こういう時こそ愛が欲しい
明日は休み。
だから今日の仕事が終われば、大好きな彼の家にお泊りの予定。
一週間ぶりに会える。
喜びで舞い上がる気持ちを必死で抑え、業務開始。
なのに、ミスの連発。
上司にも同僚にも迷惑をかけ、謝罪の嵐。
「覚えたての業務だからね。

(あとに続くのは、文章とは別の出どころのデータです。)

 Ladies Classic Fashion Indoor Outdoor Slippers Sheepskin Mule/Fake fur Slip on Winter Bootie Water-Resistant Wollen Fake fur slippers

失敗して覚えていけばいいよ」
「私なんてもっと派手なミスしたことあるから、大丈夫!」
完全に浮かれすぎていたと反省する私に、声をかけてくれる。
その優しさが身に染みて、緩みかける涙腺。
最近は恋愛も仕事も上手くいっていただけに、心に与えられたダメージは大きい。
完全に落ち込んだまま業務を終え、彼の最寄り駅まで向かう電車に乗り込む。
ほどほどに混んでいる車両のドアにもたれかかり、ため息を一つ。
外を眺めれば、夜にだけ見られる色とりどりの輝き。
今の私には眩しく感じる。
鞄からスマホを取り出し、電車に乗ったことを報告した。
早く会って抱きしめてもらいたい。
何も言わなくていいから。
いつもより少しだけ力を込めて、ただただ抱きしめて欲しい。
駅まで車で迎えに来てくれるときは、いつもコンビニの駐車場で待っていてくれる。
見慣れた車を見つけ、駆け寄った。
助手席側から覗き込むと、スマホを触っていた彼が私に気付き、優しく微笑んでくれた。
大好き。
一瞬でそう思えるほど愛おしい彼の隣へ乗り込む。
「お待たせ」
「お疲れさん」
座って洋服を整え、落ち着ける体勢になると、ふっと笑う声がした。
その声の方を見ると、ハンドルに両腕を乗せ、また優しく微笑んでいる彼と目が合った。
つられて私も微笑む。
その微笑みの理由も知りたいけど、今はいい。
ただただ抱きしめて欲しいから。
微笑みと一緒に私を包み込んで欲しい。
言葉で言うより先に、彼の首元に腕を伸ばした。
「どうしたんだよ」と笑って言いながら、背中にしっかりと腕を回し、受け止めてくれている。
それだけで、今日一日取り除けなかった胸のつかえが下りていった気がした。
「すっごく会いたかった」
「俺も」
会えなかった間の出来事をたくさん聞きたい。たくさん話したい。
でも、もう少しだけ。
あともう少しだけ、こうしていたい。